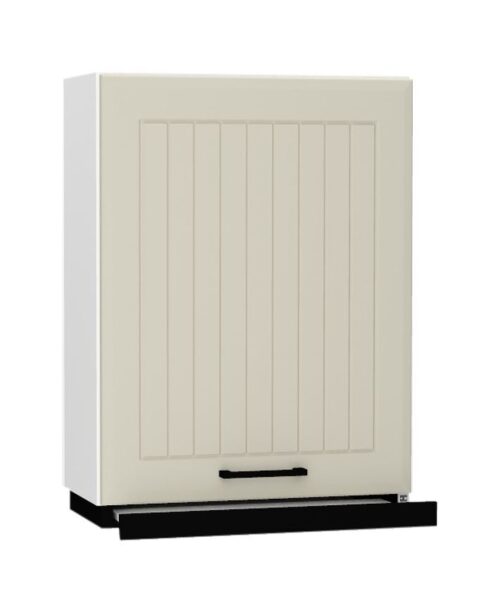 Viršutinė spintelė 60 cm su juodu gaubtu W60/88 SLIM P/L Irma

...

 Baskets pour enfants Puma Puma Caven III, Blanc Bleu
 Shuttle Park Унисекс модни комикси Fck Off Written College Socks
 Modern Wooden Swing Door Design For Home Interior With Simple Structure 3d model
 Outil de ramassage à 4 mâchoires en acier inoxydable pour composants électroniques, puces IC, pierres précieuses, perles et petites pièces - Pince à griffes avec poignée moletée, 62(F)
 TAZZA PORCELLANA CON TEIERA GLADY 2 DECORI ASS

- The problem
Look through the data above and return exactly the lines from the one that contains "Outil de ramassage" to the one that contains "TAZZA PORCELLANA CON", inclusive, with nothing else.

- Response area
 Outil de ramassage à 4 mâchoires en acier inoxydable pour composants électroniques, puces IC, pierres précieuses, perles et petites pièces - Pince à griffes avec poignée moletée, 62(F)
 TAZZA PORCELLANA CON TEIERA GLADY 2 DECORI ASS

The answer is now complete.